Sunday, May 27, 2007

Roses are Red ... and White, and Yellow

This is going to be a very flower and picture heavy post.

About 3 miles from where I live is a smallish castle called Schloss Wolfsgarten. Normally you can't visit there, as it's private porperty, but on two weekends in May the gates are open and you can go in and visit the lovely park and look at the castle (though only from the outside). The family that owns the castle is related to the British queen and I've heard that she actually stayed in Wolfsgarten a couple of times while she was visiting Germany (though probably before I moved here).
The gartens are famous for the rhododendron that's growing there, though this year most of the blooming season is already over, and only a few bushes still had fresh blossoms.

Now, for some pictures:

The small lake in the park with the bridge (reminded me of pictures by VanGogh)

Somebody living in the lake



And, (for the title of this post for today) some roses

As you can see, I've given my new camera a bit of a workout and I'm really, really happy how the pictures turned out.

Update on the stitching front:

Medieval Tiles - I skipped one of the smaller squares as I've decided to use the recommended GAST Midnight thread after all. I've ordered it, now I have to wait for it to arrive.

As I've got the next week off - *yeah*- I've got back to King Tut. I hope to make quite some progress on him over the next couple of days (though, I've got loads of other stuff planed ...)

Sunday, May 20, 2007

Home, Sweet Home

Got home from Japan pretty much okay, except that we had a delay of 2 1/2 hours. This time, I couldn't sleep on the plane and 11 1/2 hours can be pretty damn long when you can't do nothing but sit around and wait for the plane to get you to your destination. The plane was also somewhat fuller than on the flight to Japan, so I had less space (though, luckily, the plane was not completely full and the middle seat was still free)

So, here's the update on the pictures from last week.

Mariner's Light:

I think it turned out really pretty and I will frame it soon to have it go together with the other picture from the series. Though I probably will try and couch the long stitches in the background map down a bit more. In the stitching frame it looked okay, but now I can get them to lay straight.

For Japan I took along a set of small kits I've got over the years.
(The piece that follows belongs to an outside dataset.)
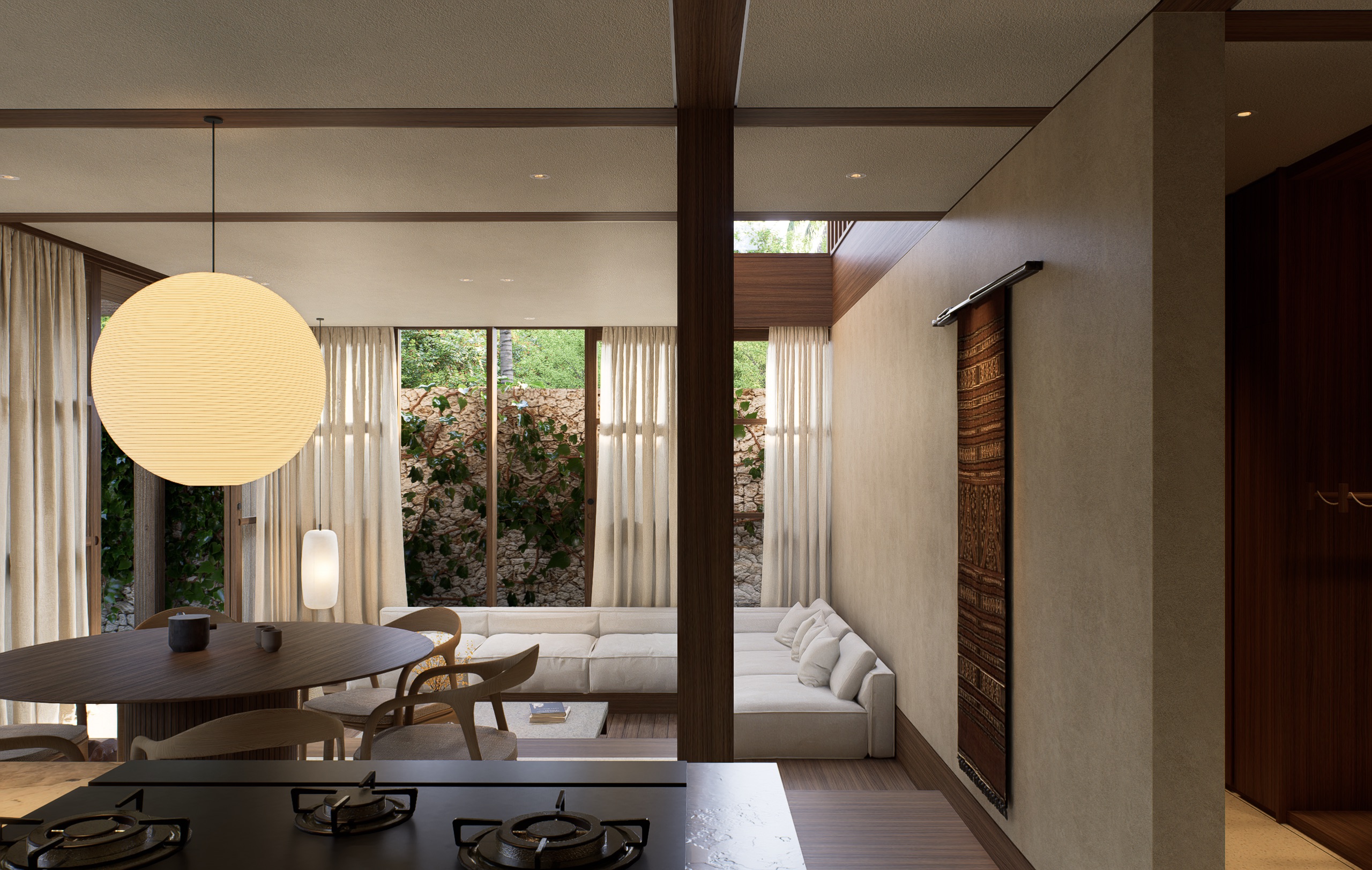 Living room of rumah bajang viewed from the kitchen island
The top three I've got in New Zealand, the knot pattern I got last year in Scottland, and I think I've got the border collie in South England a while back.
I did finish the Kiwi bird and the penguin in Japan and started out on the border collie, but didn't get very far. I just did not have that much time while I was there.
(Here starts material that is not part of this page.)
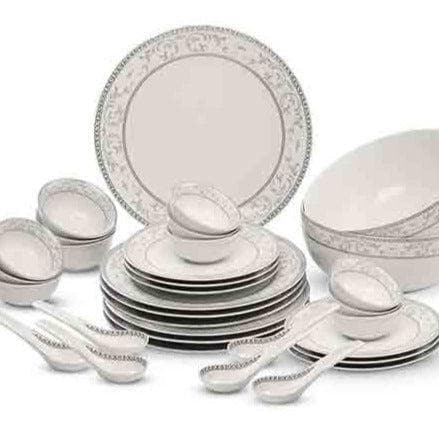 Buy Titillating Silver Dinner Set - 33 Pieces at Vaaree online | Beautiful Dinner Set to choose from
And a quick peek at the new traveling project: Medieval Tiles from Dracolair

I finished the upper left square today and started on the next one. Loads of blended colors and many, many quarter stitches - a speciality I've seen in several Dracolair designs (this is the fourth pattern I'm stitching)

My DVD burner seemed to have died on me - I was in the middle of the process of burning a DVD when the program stopped and now the computer doesn't even know there's a second DVD drive on the computer. Can't open it either. Ah well, here's a chance of getting something newer and faster.

I also switched from the old Mozilla browser to SeaMonkey - with the Firefox Mozilla browser I couldn't blog anymore. Every time I tried to open my dashboard, the program crashed. No problem so far with the new program, though I need to find out how to import my bookmarks. I've tried, but obviously I'm making something wrong *shrug*
I'll work on this next week, when I have more time, and am not quite as befuddled by jetlag.

Thursday, May 17, 2007

Please Order Hope of Cleaning

or: Big in Japan, part 2

The line I've used as the title comes from a little, laminated card that I found in my room today (actually, I probably has been here all week, but only tonight I've noticed it). The full text goes like:
"Please order hope of cleaning to the front desk between 2:00 p.m from 9:00 am"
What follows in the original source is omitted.